Much like in Lewis Carroll’s Alice in Wonderland, we are forced to run faster and faster just to stay in the same place.

Most policymakers seem to feel there are no alternatives other than further economic growth and expansion. However, GDP is not and cannot be the only measurement of prosperity and success. Sustainable growth needs to be more than a political catchphrase. It is impossible to ignore that the world is exhausting its fossil fuel deposits. Alternatives must be found or we must come to terms with the very real possibility that growth – and everything we base upon it – will come to an end.

– The author is a researcher at the Institute of Systems Biology and Ecology at Masaryk University. A version of this article appears in the current issue of The New Presence (New-Presence.cz)


  1. An outstanding summary of our energy predicament. Thank You. I predict you (and I) will be pilloried by comments that we are needlessly worried because there will be a magical solution just around the corner.

  2. This is all very true, the new economics foundation here in the UK has written reports on how we can change society and stop this ever boring existence of work to earn, earn to consume but I doubt policy makers will ever use them, so in the near future expect energy shortages but also food shortages as the food making process and delivery requires a lot of oil. This coupled with global warming will make the future a grim place.

  3. Most policymakers seem to feel there are no alternatives other than further economic growth and expansion.

    Thank you.
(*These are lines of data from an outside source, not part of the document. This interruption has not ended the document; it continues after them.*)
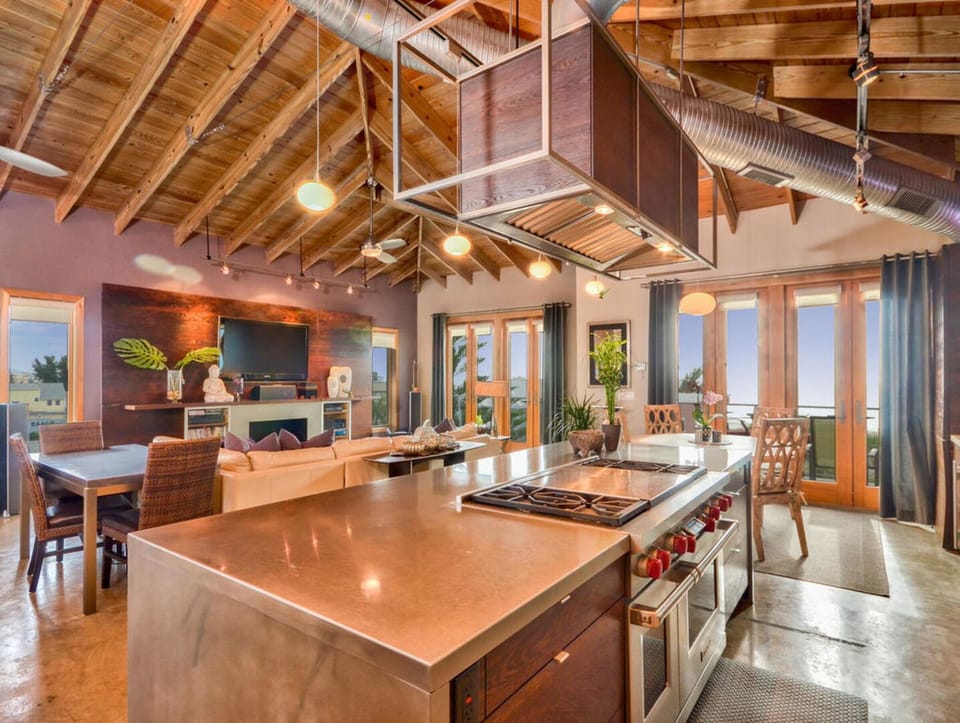 Image of living room from kitchen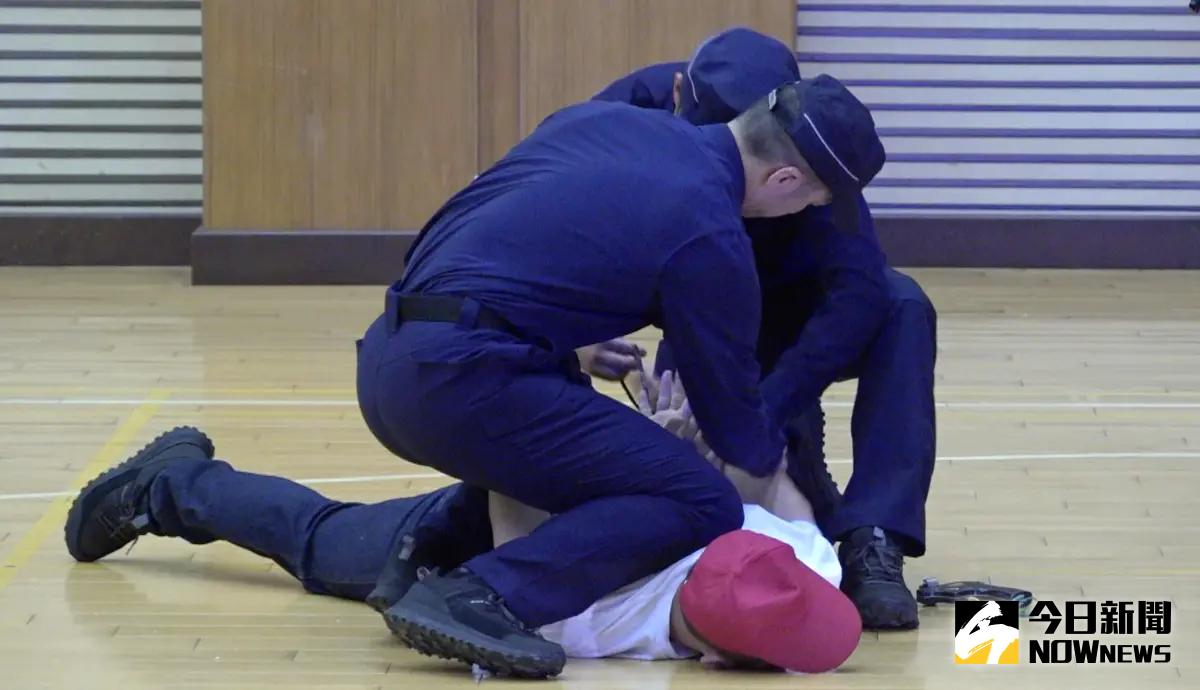 ▲2024大選「安維8號」成軍，國安局特勤演練制伏滋擾民眾。（圖／記者葉政勳，2023.11.09）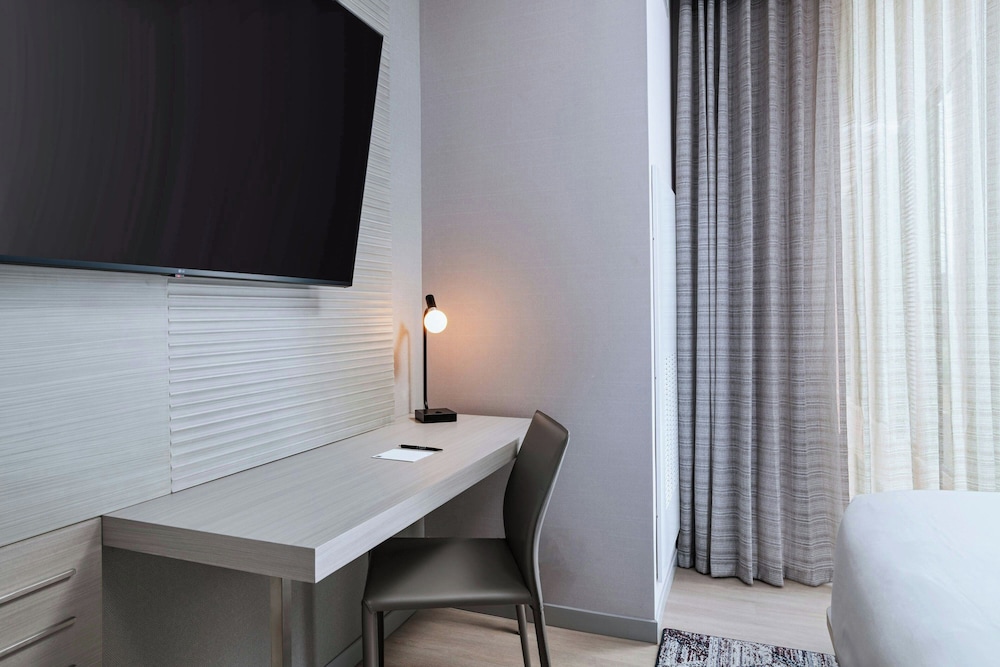 AC Hotel Phoenix North Norterra 40/50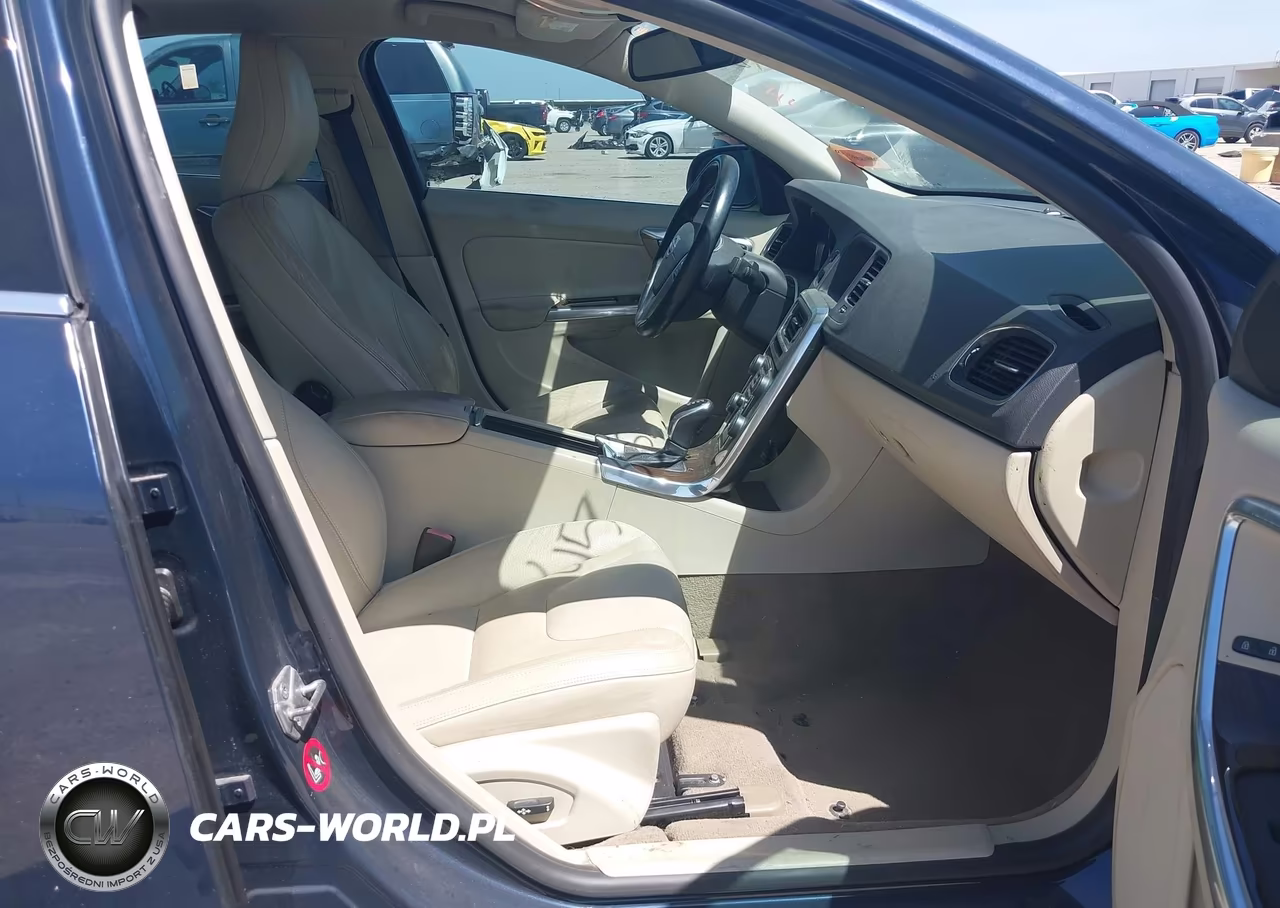 2014 Volvo S60 T5 VIN:YV1612FS0E1287105 - 5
One get’s tired of hearing every politician say that we should bash our heads against the same wall until we die because that’s what we have done in the past. Never mind the blood, just keep bashing!

  4. In two short decades the increase in students studying capital markets and their potential future growth sectors has multiplied in the developing world. Alongside come geologists with new electronic tools to identify energy resources financed if not by corporations then upward growth government systems. The time scales and demand for economic sectors requiring materials has shrunk and competition for existing commodities has its conflict zones. In a capital driven market there will be little that has had some research with development outcomes factored into time, labour, and eventual economic risk. Established fiscal markets and their currencies may face challenges from emerging capital growth sectors that feel they can do a better job than what passed as the status quo.
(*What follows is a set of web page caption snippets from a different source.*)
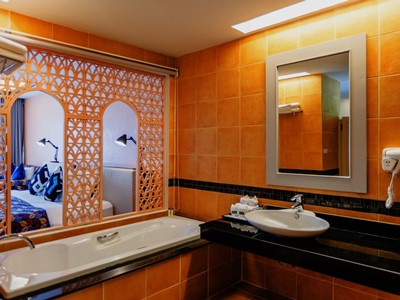 bathroom - hotel anyavee tubkaek beach - krabi, thailand
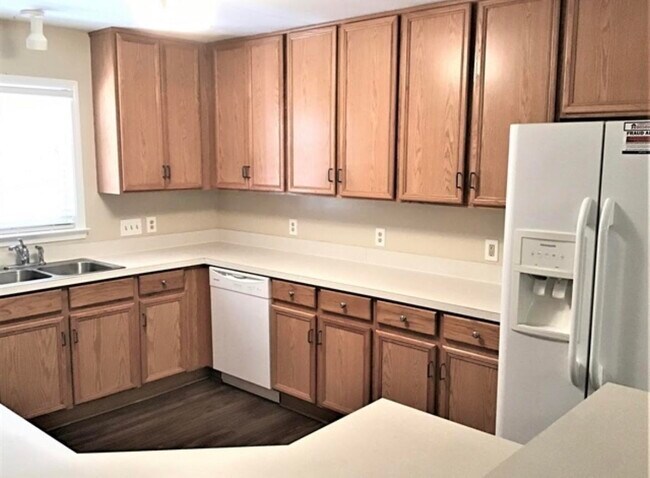 Foto del edificio - 1580 High Ridge Dr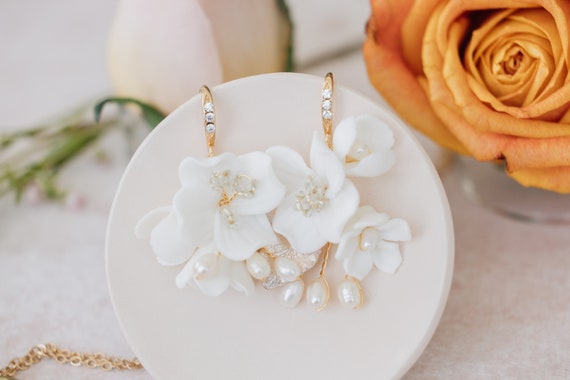 Flower Earring Set With Matching Necklace and Hair Pins - Etsy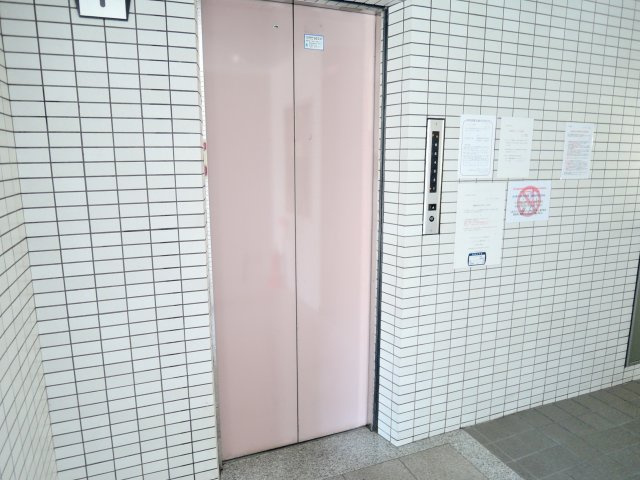 トレンディア高槻のロビー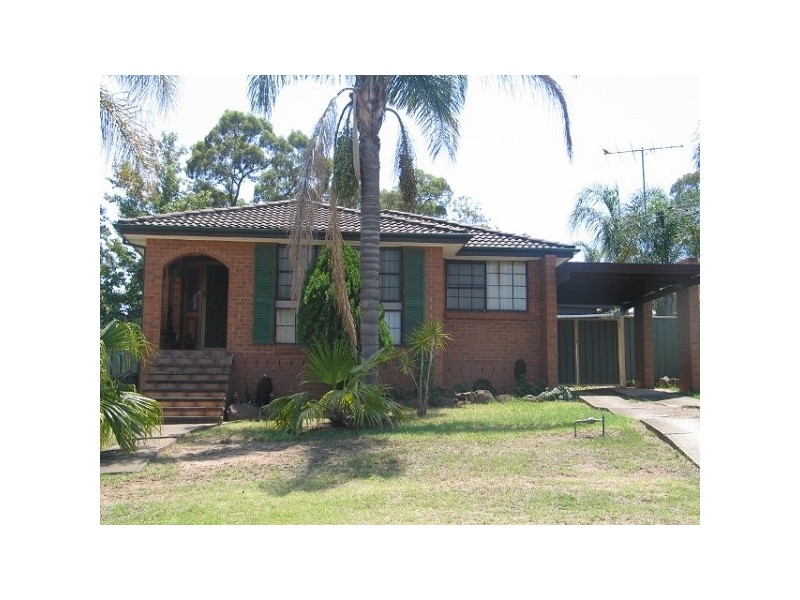 40 Farmview Drive, Cranebrook NSW 2749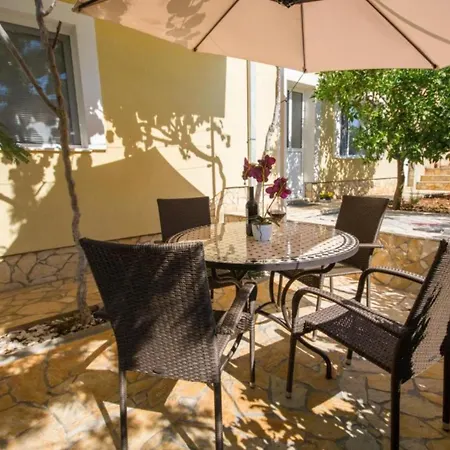 Kapetan Villa *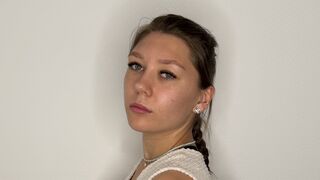 BrigetteDifranco one on one girl cam profile
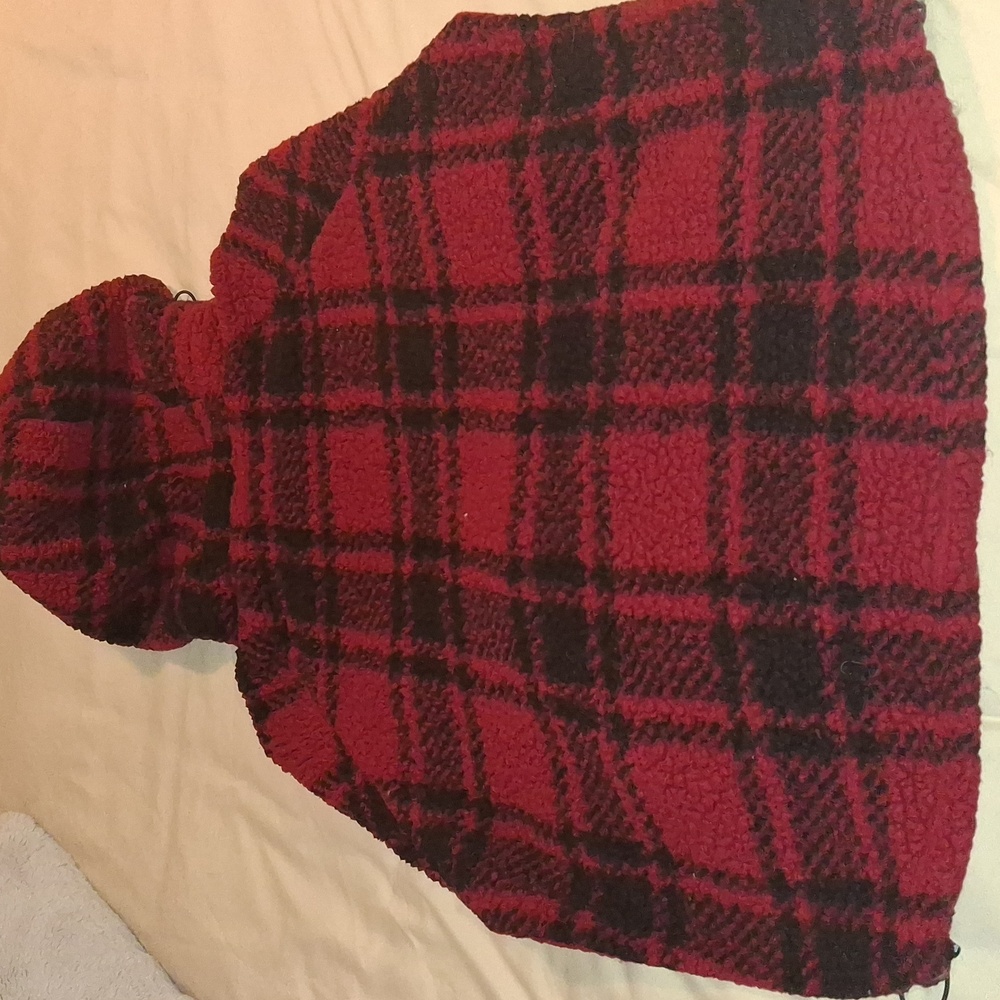 VS Pink Maroon/Raspberry And Black Sherpa Pullover - Picture 7 of 8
    Conflict resolution within human behaviour has had its study time in the developing world but few would say it has seen its benefit progress as fast as mans destructive elements. Into this melting pot come the religions which seem to offer faith to many despite the division and extreme interpretations of text. I liked the article and hope that human reason and resolution save life and the universal needs to sustain a meaningful life for all.
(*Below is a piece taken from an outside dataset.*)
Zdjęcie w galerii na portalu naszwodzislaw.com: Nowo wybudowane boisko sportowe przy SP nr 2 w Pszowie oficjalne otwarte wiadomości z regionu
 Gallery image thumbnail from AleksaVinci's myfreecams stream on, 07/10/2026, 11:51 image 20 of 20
  5. Chad forged a relationship with China to drill for oil and refine it by building a refinery. They also installed a telecommunications system and built some schools. The Chad government were given money to help in ‘projects for their people’. The Chinese held the key technologies regarding exploration and refining of the oil although some training packages were encouraged. Estimates of Chad’s oil capacity flowing in good conditions were 11%. Many farmers sold their land for development and promises of income from government funds. Inevitably internal power conflicts led to arms buying and all the people began to gain was carnage from government/rebel conflicts. The Chinese policy was to stay out of internal ‘political’ affairs; after all, the oil was running. The local people began to live in declining poverty. The number of ‘companies’ operating in Africa is in the 1000’s. The conditions and legalities of ‘start up contracts’ has few regulations. In decades to come, the world will reach a point where ‘looking the other way’ may lead to events that no country can afford to compromise on.